Language is our canoe up the wilderness river, our bush plane, our space capsule, our magic.
We must come to believe that our writing is worth reading by others.
Tom Romano
At a recent lunch with two teacher friends, we were debating the systemic problems that affect our school system. One, a former science teacher and mother to 2 children who have been in the advanced program sees a move away from teaching basics (like having kids memorize the parts of the cell and their functions as a foundation to higher learning) and a dumbing down of the curriculum. My other friend, who teaches GT 6th graders and who used to teach elementary, 4/5, advanced program, has noticed that these students are coming to middle school unable to think, reason or problem solve. They are reluctant to do the heavy lifting necessary to engage in these processes. They are reluctant to engage in the learning process and prefer teacher directed instruction. How does this relate to writing. I asked them why our kids write personal narratives. One said to learn and practice writing skills. The other said that even kids who don't know anything can at least write about themselves. I added that kids need to be able to explain things, refering back to Burke's chapter - skills needed for a flat world.
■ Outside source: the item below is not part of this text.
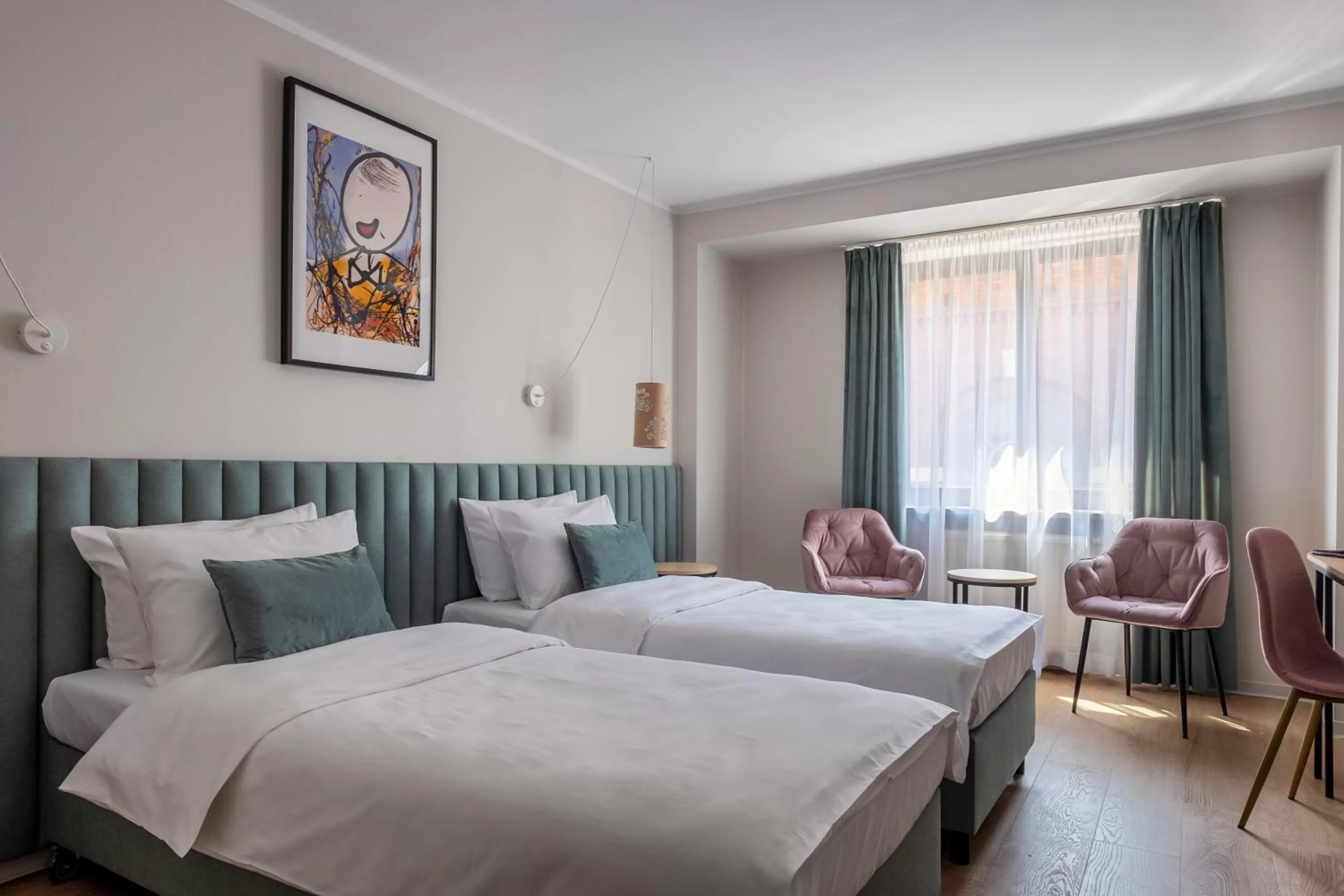 Deluxe Double or Twin Room without Air Condition in Hotel H12****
None of us focused on the process of writing, the joy of writing for writing's sake, or as Romano says "[l]anguage is for discovery."
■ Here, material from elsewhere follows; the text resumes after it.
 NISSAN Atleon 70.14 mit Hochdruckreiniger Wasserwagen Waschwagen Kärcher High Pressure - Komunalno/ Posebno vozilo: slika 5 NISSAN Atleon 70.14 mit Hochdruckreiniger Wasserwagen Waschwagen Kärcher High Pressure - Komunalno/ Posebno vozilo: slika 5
I see it as a process vs. product issue. In our classrooms, writing is used to show what kids know - all of our rubrics look at the end product, not the journey to get there. Creativity is not valued, and we don't look at writing as a way of discovery and learning (other than learning to be a better writer!). I love the challenge of writing - but even with all of the briefs, contracts, letters, lesson plans, papers, reflections, etc. that I have written, I do not look at it as a creative process. Its about changing the lens by which we look at all forms of writing, including our own.